Ahmad Awais@MrAhmadAwais

Introducing chartli 📊 CLI that turns plain numbers into terminal charts. ascii, spark, bars, columns, heatmap, unicode, braille, svg. $ 𝚗𝚙𝚡 𝚌𝚑𝚊𝚛𝚝𝚕𝚒 I wanted terminal charts with zero setup. No browser, no Python env, no matplotlib. Pipe numbers in, get a chart out. Again built using Command Code with my CLI taste. $ npx chartli data.txt -t ascii -w 24 -h 8 8 chart types spanning a fun range of Unicode density: - ascii (line charts with ○◇◆● markers) - spark (▁▂▃▄▅▆▇█ sparklines, one row per series) - bars (horizontal, ░▒▓█ shading per series) - columns (vertical grouped bars) - heatmap (2D grid, ░▒▓█ intensity mapping) - unicode (grouped bars with ▁▂▃▄▅▆▇█ sub-cell resolution) - braille (⠁⠂⠃ 2×4 dot matrix, highest density) - svg (vector output, circles or polylines) Input format is dead simple: rows of space-separated numbers.
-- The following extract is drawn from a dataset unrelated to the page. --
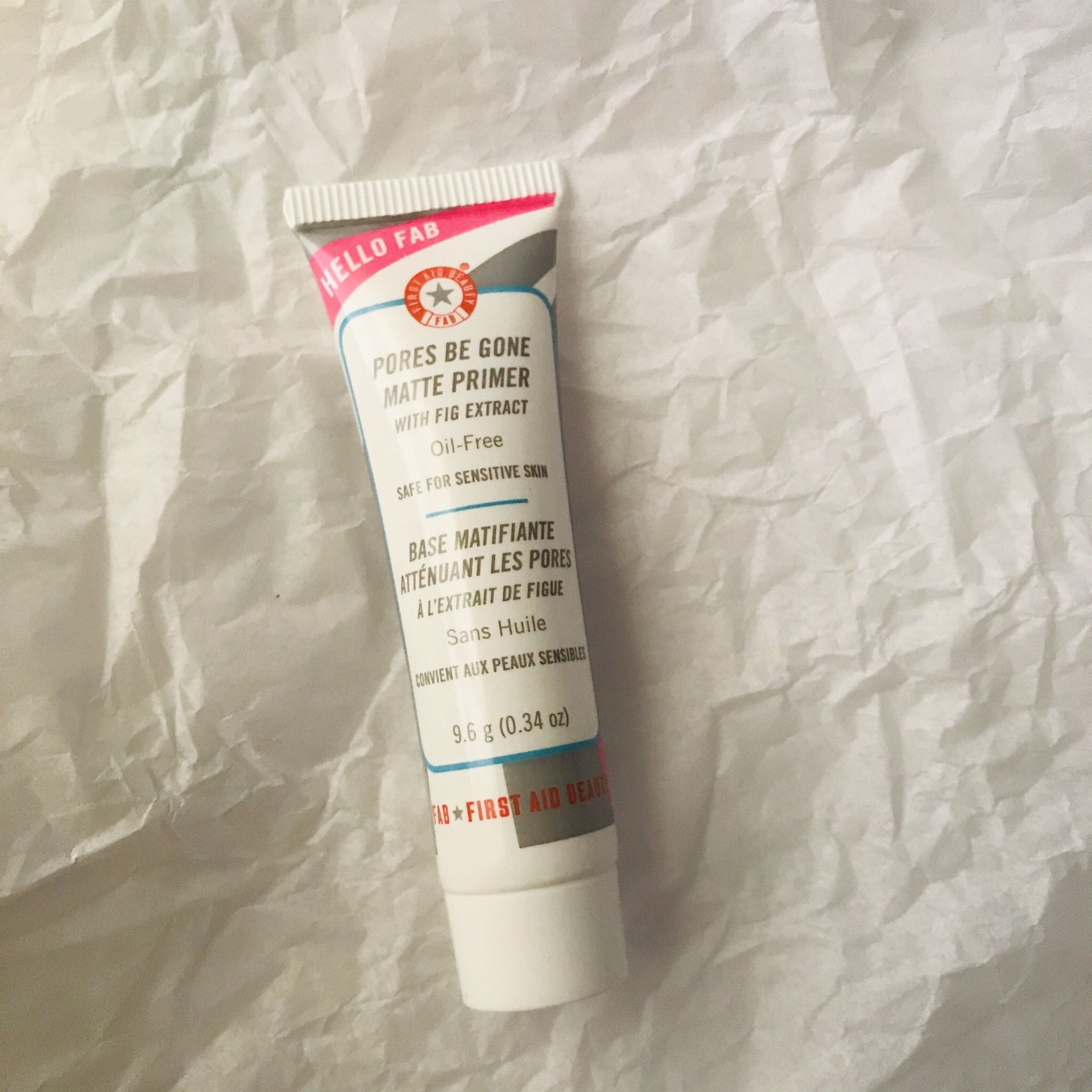 First aid beauty Pores Be Gone Primer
Multiple columns = multiple series. 0.0 0.1 0.1 0.1 0.2 0.4 0.2 0.4 0.3 0.2 0.4 0.2 Composes with pipes: $ cat metrics.txt | chartli -t spark S1 ▁▂▃▄▅▆ S2 ▁▄▂▇▅█ S3 ▁▂▄▃▆▅ S4 ▁▄▂▇▂▇ The braille renderer is my fav. Each braille character encodes a 2×4 dot grid, so a 16-wide chart gives you 32 pixels of horizontal resolution. Free anti-aliasing from Unicode. The bars renderer uses 4 shading levels (░▒▓█) to visually separate series without color. Works on any terminal, any font. Heatmap maps values to a 5-step intensity scale across a row×column grid, so you can spot patterns in tabular data at a glance. SVG mode has 2 render paths: circles (scatter plot) and lines (polylines). Output is valid XML you can pipe straight to a file or into another tool. Zero config by default, every dimension overridable (-w width, -h height, -m SVG mode). No config files. No themes. No dashboards. $ 𝚗𝚙𝚡 𝚌𝚑𝚊𝚛𝚝𝚕𝚒 Or global install it. $ npm i -g chartli # Skill for your agents $ npx skills add ahmadawais/chartli If you work in terminals and want quick data visualization without leaving your workflow, try it. ⌘ let's go!!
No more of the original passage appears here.